Kosmos best-practices guidelines

Date:

11.05.2025

Kosmos is a data-driven discovery agent. To get the most out of each Kosmos run, we recommend following these guidelines:

1. Provide a clear and feasible research objective that requires iteration.

The research objective can be broad and exploratory or focused and hypothesis-driven. While Kosmos can handle multiple objectives, it performs best with a single, well-defined objective. It should have scope for iterative hypothesis generation and testing. The answer should not be obvious after reading a few papers or conducting a single data analysis. A scientific collaborator in a relevant field should be able to reasonably complete the task within weeks or months.

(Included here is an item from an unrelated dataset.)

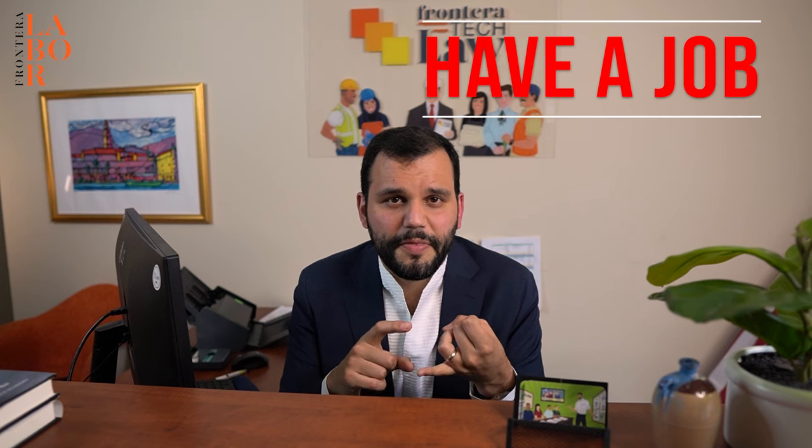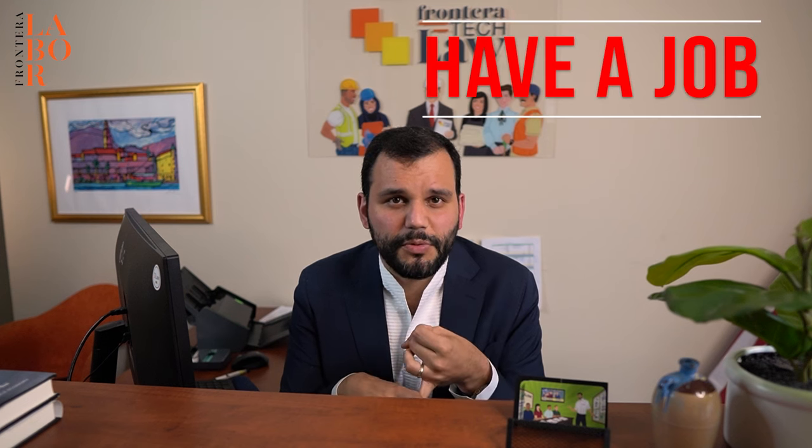What is the H2B visa process? H2B visas are for temporary or seasonal workers that come to the United States to perform a particular task in a particular occupation in a particular area of intended employment. What it requires is for an employer who wishes to employ H2B visa workers to go through a three-part process. Number one, they need to certify that they have a bona fide job and that they're a bona fide employer, and this is done through the Department of Labor.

2. Provide enough context in the research objective.

The research objective should provide sufficient scientific and experimental context as a starting point for data analysis or literature search. While Kosmos is able to conduct literature search and read all provided datasets, it will greatly benefit from context highlighting nuances unique to your research group, such as key experimental design choices, non-obvious assumptions common in the field, or atypical data-handling protocols. Phrase it as you would explain to an experienced colleague who just joined your team.

Here are some examples of ways to improve research objective prompts:

Inappropriate research objectives‍

Which of these tissue have a lower ECM pathway expression score?

List all the genes that are differentially expressed (p < 0.05) between the 'control' and 'drought' RNA-seq samples.

How is graphene used for water desalination? Suggest cross-linking agents that is compatible with our method.

Analyze the attached county-level public health dataset. Does ice cream consumption correlate with asthma rates?

Good research objectives

Compare ECM pathway expression levels in the melanoma tissue samples. Propose hypotheses on mechanisms driving these changes and downstream functional consequences.

Analyze the RNA-seq dataset provided from Arabidopsis thaliana leaves, comparing 'control' (well-watered) to 'drought' (water withholding) samples across a time course. Identify the ****key regulatory pathways that mediate acclimation. Are there any transcription factor(s) outside the well-known ABA pathway that may be a master regulator of this response?

We are investigating the use of laminated graphene oxide (GO) membranes for water desalination. A major problem is that these membranes swell and lose selectivity when hydrated. I have attached our recent experimental results showing interlayer spacing vs. salt rejection. Identify the top 3-5 most promising cross-linking agents (e.g., diamines, metal ions) that have been proven to control GO membrane swelling and propose which one would be most compatible with our current layer-by-layer fabrication method.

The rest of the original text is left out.